On May 23, the water level at Yamuna was lower than the average normal of 674.5 feet for this time of the year.
In response, the Delhi Jal Board issued advisories to residents to store sufficient quantities of water.
The Yamuna river is not the only source of water to witness a drop in levels. Levels at the Wazirabad pond reportedly dropped to 668.3 ft – the lowest this year – as against the normal of 674.5 feet. With this drop, the Jal Board’s daily supply has fallen by around 65 million gallons per day.
“If we do not get raw water then how will we manage the supply of water?” an official at the Delhi Jal Board said, on condition of anonymity. “Yamuna, our main source, has totally dried up. The water level at Wazirabad has decreased, and now we are trying to divert water from the Munak canal toward Wazirabad to keep production up in the Wazirabad treatment plant.”
Manoj Misra, an environmentalist and convenor of the Yamuna Jiye Abhiyaan, blamed authorities for mismanagement.
He said, “First of all, let us understand that there is no crisis or lack of water supplies in Delhi for it gets water from the Yamuna, Ganga and Satluj system...It is a huge case of mismanagement of available water by the city authorities, where almost 45-50 percent of water disappears during distribution.”
Akash Vashishtha, a Delhi-based environmentalist, said, “This is a three-decade-old problem.

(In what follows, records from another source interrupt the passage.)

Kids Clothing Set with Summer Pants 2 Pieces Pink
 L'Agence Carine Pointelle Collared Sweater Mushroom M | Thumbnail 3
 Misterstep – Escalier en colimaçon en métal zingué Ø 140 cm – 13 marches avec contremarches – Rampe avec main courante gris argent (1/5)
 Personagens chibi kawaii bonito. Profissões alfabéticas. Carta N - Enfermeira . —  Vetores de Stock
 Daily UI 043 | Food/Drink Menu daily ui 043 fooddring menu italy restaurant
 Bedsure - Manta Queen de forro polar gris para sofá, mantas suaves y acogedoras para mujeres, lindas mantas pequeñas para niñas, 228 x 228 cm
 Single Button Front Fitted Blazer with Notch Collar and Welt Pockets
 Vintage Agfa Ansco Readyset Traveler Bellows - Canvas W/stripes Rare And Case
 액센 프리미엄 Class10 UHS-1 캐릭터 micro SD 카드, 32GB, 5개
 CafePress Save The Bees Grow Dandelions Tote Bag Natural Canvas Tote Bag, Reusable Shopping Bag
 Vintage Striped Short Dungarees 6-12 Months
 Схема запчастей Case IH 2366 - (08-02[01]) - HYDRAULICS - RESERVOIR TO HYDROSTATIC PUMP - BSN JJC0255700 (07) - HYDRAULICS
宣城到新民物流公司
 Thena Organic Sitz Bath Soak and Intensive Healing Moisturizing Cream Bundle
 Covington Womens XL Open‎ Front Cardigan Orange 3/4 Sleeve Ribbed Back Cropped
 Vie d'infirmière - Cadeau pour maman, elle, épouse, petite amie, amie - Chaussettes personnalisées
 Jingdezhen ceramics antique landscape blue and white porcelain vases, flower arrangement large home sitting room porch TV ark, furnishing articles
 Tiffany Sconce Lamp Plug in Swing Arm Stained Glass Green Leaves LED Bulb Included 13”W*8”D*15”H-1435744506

Unfortunately, both ruling and former dispensations have failed to address this problem.”
Decreasing groundwater levels
Delhi’s groundwater is also on the verge of exhaustion. According to the Delhi Economic Survey, excessive withdrawal of groundwater has had water levels sink to 20-30 metres below the ground level in many places.
While rainwater harvesting in the state has been made mandatory for houses which are more than 500 square metres, things are different on the ground. Some builders install cheap rainwater harvesting systems which survive only for a few months.
The Jal Board official said, “We have prescribed the unit and its design. One unit which is built according to our norm survives for more than 10-15 years...The department is now giving a rebate on water bills for those residences which have made the harvesting system according to DJB’s norms.”
But that is just one part of the problem. A high concentration of fluoride has also been found in the groundwater, as well as high levels of salinity – the latter more so in the west, southwest and northwest parts of the capital, according to blockwise assessment of groundwater by the Central Ground Water Board.
With a high concentration of heavy metals, manganese and iron, the groundwater is not fit for drinking in some parts of the city.